The Raptors rebounded from the horrors of the Utah game to play two strong quarters against the Clippers on Sunday. But things started to fall apart after a decent start in the third. The reserves came in and didn’t do the job, a recurring problem recently, and the more talented Clippers proceeded to blow the doors off.
No surprise to see passion and commitment in the first quarter. That tends to happen after a closed-door meeting.
The team played well defensively in the first half, holding the Clippers to 35% shooting. Blake Griffin did what he wanted, but otherwise, the defence was good. Kyle Lowry got right up on Chris Paul and limited the future hall of famer’s production, which is not an easy thing to do. This probably was Lowry’s best defensive game as a Raptor – but, he has yet to put a complete game together as he didn’t have his offence going. That said, Lowry was about the only Raptor moving the ball, unfortunately, he moved it to the other team five times as well.
- DeMar DeRozan shook off a brutal start (bad shot selection) to have a decent game in the end.
- Linas Kleiza gave team a boost with shooting and toughness. It was a mistake to sit him for ice cold rookie Terrence Ross who has really struggled over the past week or two. Not sure why this team doesn’t ride the hot hand more (or even just those who are playing well, like Ed Davis in the past).
- Davis had his worst outing in a while. Amir Johnson was the only reserve to play well.
- Jose Calderon is arguably in the worst two week stretch of his NBA career. He was torched by Eric Bledsoe and does not look like himself on offence. He is 4-for-16 on this road trip, 2-for-9 from three with 7 turnovers (a 2:1 assist to turnover ratio is very un-Calderon-like). He is not taking to life off of the bench at all.
- The second quarter was one of Toronto’s best of the season, but they could not follow it up with a good third and the fourth was a nightmare.
- Even when Andrea Bargnani is decent and shows some fight, he isn’t a difference maker. Yes, his defence was more dialed in and he bothered Griffin at times, but Griffin still scored 19 and Bargnani shot just 5-for-15 with just 2 rebounds. Overall, he wasn’t the biggest problem, but he was a net negative. The beat goes on, this isn’t changing. Unless he is having one of his rare on fire games, Bargnani hurts the team and should be coming off of the bench.
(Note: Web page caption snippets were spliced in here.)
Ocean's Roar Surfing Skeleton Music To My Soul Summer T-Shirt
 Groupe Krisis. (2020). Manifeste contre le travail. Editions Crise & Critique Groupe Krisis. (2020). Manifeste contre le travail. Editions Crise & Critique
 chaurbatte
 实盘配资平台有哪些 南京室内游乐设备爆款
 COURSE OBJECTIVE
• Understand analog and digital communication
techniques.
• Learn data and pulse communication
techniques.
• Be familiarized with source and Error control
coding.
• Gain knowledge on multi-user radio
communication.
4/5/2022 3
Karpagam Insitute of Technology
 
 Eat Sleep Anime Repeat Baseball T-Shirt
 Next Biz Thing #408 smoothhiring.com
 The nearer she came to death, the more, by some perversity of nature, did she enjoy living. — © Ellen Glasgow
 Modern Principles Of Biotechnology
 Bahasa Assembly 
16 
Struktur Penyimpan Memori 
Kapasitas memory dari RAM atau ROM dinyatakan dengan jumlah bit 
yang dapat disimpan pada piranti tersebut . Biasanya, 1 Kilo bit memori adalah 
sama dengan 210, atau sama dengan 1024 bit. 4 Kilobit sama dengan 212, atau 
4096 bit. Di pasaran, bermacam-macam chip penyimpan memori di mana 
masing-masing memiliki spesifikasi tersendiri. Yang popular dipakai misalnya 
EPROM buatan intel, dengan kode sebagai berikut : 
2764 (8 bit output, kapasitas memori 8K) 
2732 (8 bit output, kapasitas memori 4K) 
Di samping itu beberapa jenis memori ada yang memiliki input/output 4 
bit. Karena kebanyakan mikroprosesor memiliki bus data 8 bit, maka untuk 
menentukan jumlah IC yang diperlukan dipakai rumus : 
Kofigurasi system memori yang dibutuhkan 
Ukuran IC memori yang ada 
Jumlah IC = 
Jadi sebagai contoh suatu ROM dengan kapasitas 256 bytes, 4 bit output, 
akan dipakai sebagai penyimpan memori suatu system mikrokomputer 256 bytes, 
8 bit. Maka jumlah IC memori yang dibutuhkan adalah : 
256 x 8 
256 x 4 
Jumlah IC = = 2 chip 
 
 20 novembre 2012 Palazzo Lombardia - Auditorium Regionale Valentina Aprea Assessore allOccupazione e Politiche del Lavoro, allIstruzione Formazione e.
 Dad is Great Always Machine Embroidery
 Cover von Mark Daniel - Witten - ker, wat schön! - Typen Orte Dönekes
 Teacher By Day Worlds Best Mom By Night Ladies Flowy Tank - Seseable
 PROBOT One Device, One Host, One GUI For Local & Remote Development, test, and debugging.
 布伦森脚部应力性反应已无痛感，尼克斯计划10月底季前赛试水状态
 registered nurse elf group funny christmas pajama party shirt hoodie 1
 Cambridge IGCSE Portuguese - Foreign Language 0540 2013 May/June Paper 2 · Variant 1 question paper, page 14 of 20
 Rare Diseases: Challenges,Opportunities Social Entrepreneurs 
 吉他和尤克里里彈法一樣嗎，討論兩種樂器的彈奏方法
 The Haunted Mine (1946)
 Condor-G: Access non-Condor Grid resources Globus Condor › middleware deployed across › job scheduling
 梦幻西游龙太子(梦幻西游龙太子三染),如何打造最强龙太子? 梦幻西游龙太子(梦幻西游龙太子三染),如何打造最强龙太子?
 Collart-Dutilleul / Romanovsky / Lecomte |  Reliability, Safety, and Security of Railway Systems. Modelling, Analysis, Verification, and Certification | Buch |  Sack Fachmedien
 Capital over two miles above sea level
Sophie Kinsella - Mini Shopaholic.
Until they accept this, they’ll be compensating for his deficiencies and starting every game with one hand tied behind their back.
- As solid as the Toronto defence was early, the problem was, the team wasn’t forcing enough turnovers. The Clips still took care of the ball, despite the pressure, which prevented Toronto from getting out and running. The Raptors need to run more, but need to create more turnovers to do so.
- The zone really worked well for the Raptors, so it was odd to see them go away from it.
- Bryan Colangelo insists the team likes each other and enjoys playing with each other, but I find it hard to accept that nobody has any animosity towards Bargnani, particularly, how he is guaranteed minutes no matter how hard he plays or what he is doing wrong. If accountability is a message the franchise preaches, it is hard to see teammates being happy when the “star” player gets a separate set of rules.
- The Raptors never seem to be truly bad in the correct year. The franchise hasn’t been in on generational talents like Tim Duncan, Paul, LeBron, Howard, etc. at best getting the 4th-best odds or so. Now, the 4-17 record probably ends up quite a bit better when this season is over, but, assuming somehow the winning percentage stays the same and the Raptors get some of the best odds, the big prize is not there to be won. There is no franchise-changer in this draft, by all accounts. Next year, the Andrew Wiggins year, is the time to be the worst of the worst. So, fans, don’t get too upset when the Raptors win enough games to end up with the 7th or 8th best odds and likely send the pick to Oklahoma City.